WeeklyWorker

03.08.1995

Challenging as ever

Danny Hammill reviews Thrak, Studio album by King Crimson (Discipline Global Mobile, 1995)

THRAK is the full length follow up to last year’s CD-EP Vroom, which was the first recording by King Crimson - ‘progressive’ rock maestros - in over a decade.

King Crimson were the brainchild of ‘professor’ Robert Fripp and exploded onto the rock scene in 1969 with their acknowledged classic LP, In The Court of the Crimson King. The famous opening track, ‘21st Century Schizoid Man’, introduced the world to Fripp’s innovative guitar technique, which moves between scary, take-no-prisoners metallic riffs and other-worldly, ‘soundscaping’ (which predates groups like The Orb or Ozric Tentacles by decades).

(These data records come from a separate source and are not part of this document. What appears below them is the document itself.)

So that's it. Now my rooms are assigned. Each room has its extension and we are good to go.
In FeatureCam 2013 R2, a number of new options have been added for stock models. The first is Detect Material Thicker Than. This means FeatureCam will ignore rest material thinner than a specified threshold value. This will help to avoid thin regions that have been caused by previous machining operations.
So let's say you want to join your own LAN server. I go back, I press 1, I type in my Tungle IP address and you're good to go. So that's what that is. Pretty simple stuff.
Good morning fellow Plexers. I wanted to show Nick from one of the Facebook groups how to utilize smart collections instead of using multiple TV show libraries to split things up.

Naturally, given Crimson’s long lineage, many of the (not so) young hipsters who write for music magazines love to dub them “dinosaurs”. This is rather ironic, as Fripp issued a famous statement in 1974 saying the day was over for King Crimson as it should be for all “dinosaur bands”. Fortunately they reformed again in 1981. Now they are back once more, as challenging as ever.

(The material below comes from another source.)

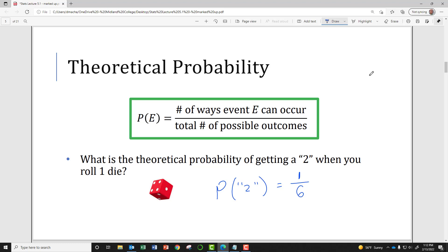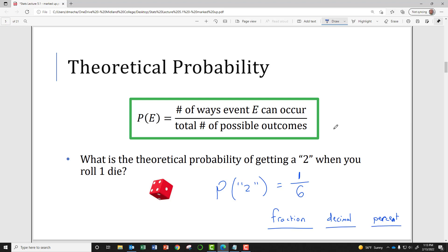When you are asked about a probability, you can report it as a fraction, a decimal, or a percent. On an open-ended test question I'll give you full credit regardless of how you report your answer — choose whatever you're most comfortable with. But on a multiple-choice question, all the answer choices will be in one format — all fractions, all decimals, or all percents — so you need to be able to convert freely between those three.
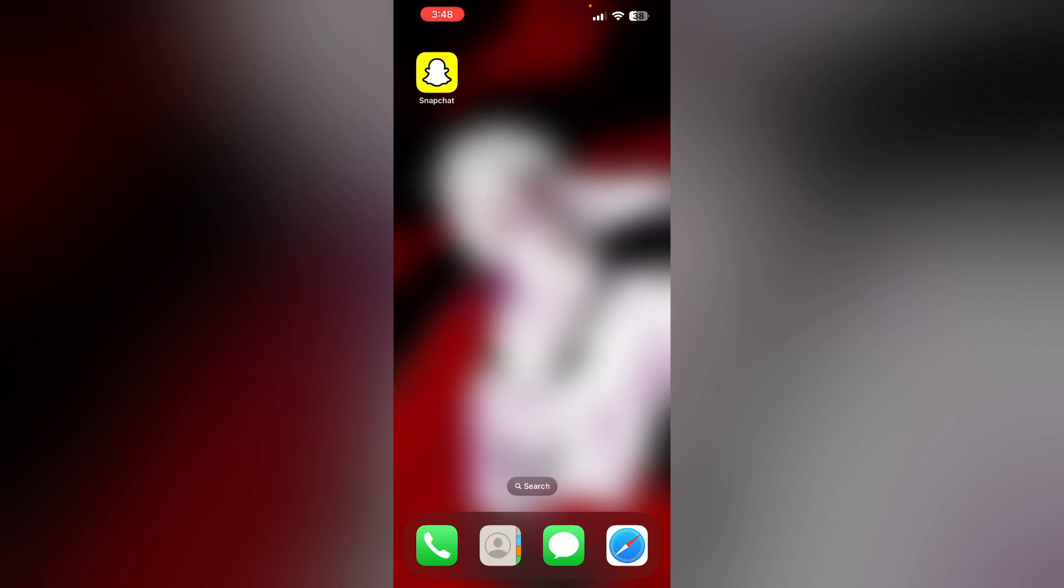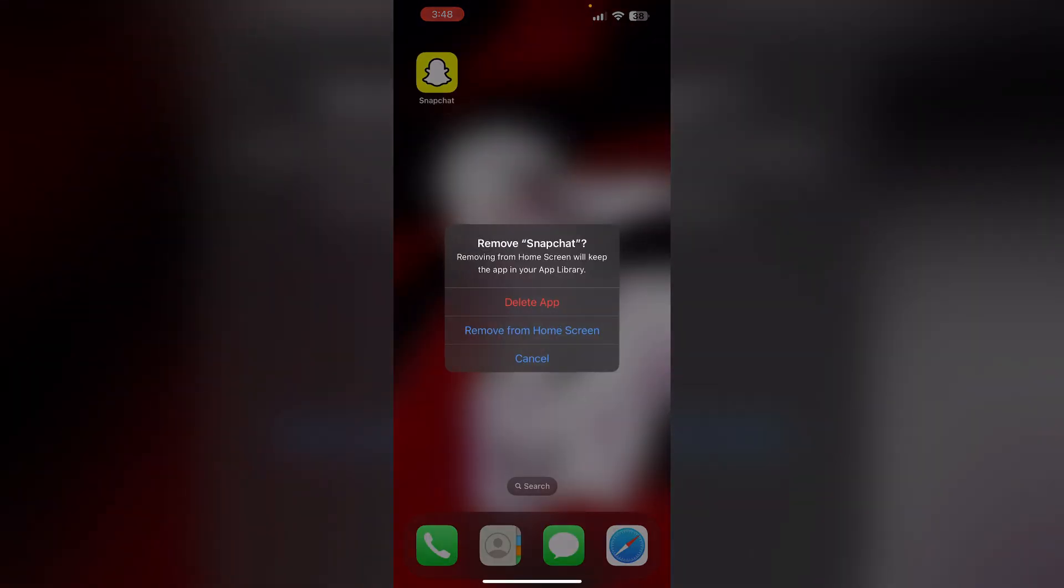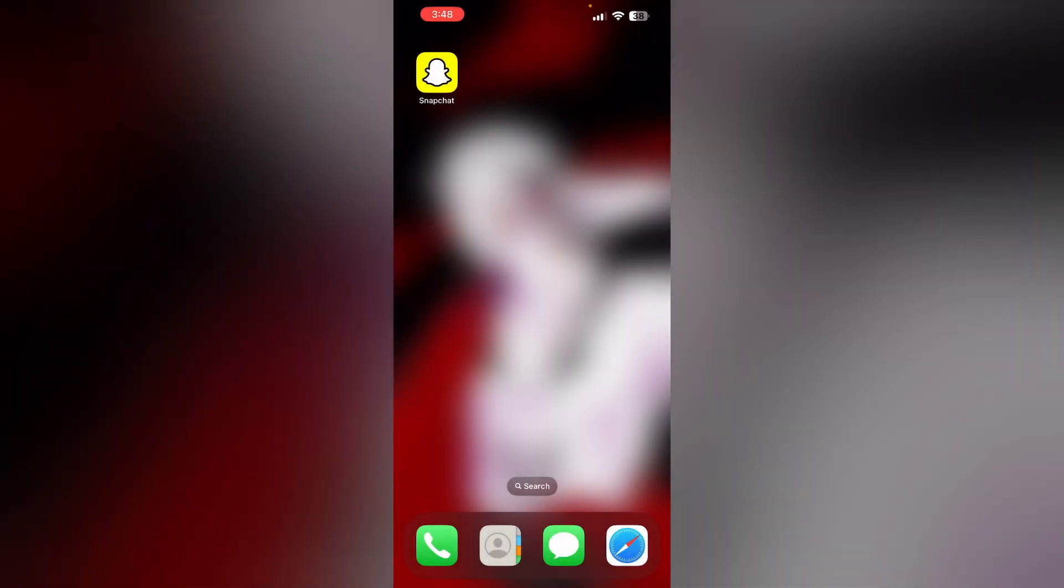To uninstall the app, long press the app and click on remove app, then select delete app. This will uninstall Snapchat from your device. And to reinstall it, go to App Store and install it.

Thrak is a mixture of the brisk futuristic funk sound of the 1980s and the grinding instrumental-based ‘prog-rock’ of the 1970s, whose epic fusion of heavy rock, avant-garde jazz and contemporary classical (not to forget the short radio-friendly ballads) makes the grunge of groups like Pearl Jam and Nirvana seem ludicrously tame.

For me, the stand out tracks are the swanky ‘Sex Sleep Eat Drink Dream’, with its crafty pastiche of Beatles-style psychedelia, and the majestic ‘Vroom Vroom: Coda’, which brings the CD to a menacing conclusion. The title track is also impressive but its aggressive dissonant drumming is not for the faint hearted.

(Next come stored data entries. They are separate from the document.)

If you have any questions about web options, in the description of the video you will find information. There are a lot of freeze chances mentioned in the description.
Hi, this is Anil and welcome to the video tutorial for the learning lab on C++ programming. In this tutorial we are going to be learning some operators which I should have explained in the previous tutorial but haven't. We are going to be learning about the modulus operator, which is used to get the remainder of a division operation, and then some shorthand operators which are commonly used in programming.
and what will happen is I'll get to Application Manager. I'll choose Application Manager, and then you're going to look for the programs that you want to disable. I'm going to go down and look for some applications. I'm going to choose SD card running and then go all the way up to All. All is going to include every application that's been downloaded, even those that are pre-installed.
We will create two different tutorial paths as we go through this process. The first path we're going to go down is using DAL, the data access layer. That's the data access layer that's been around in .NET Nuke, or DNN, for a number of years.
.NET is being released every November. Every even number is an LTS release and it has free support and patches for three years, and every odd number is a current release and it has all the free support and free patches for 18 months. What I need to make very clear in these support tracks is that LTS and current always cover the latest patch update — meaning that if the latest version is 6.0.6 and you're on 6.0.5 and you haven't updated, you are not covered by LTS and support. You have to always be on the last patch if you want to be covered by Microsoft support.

This is not to say Thrak is the perfect CD; the content does suffer somewhat from a slight awkwardness, its contrasting musical styles never fully integrated.

In a recent interview, Fripp explained how in the 1980s the “stunning hostility” of the post-punk music press constricted the scope of the band, but thankfully: “Unlike in the early 1980s, I feel that King Crimson can draw on any Crimson music vocabulary now from any period, without apology or reservation” (Mojo, May 1995).

Also deserving of praise is Fripp’s hatred of the sharp-suited practices of the “dinosaur” mega-record companies, which brought him to the brink of bankruptcy. In this respect he has set up Discipline Global Mobile (DGM), which is run on a strict ‘ethical’ basis. Revealingly, Thrak will have to sell almost half a million copies in America (where it is being distributed by Virgin) to equal his earnings from just 12,000 copies of his solo CD Soundscapes, which is being released exclusively by DGM.

Let us hope that Bob Fripp, in his own small way, can shake up the stagnant musical universe, which has been utterly emasculated by the abonimations known as punk, heavy metal, disco, house, ragga, jungle, techno, etc, where the central determinant is not the music, but whether you look right and can strike the correct poses.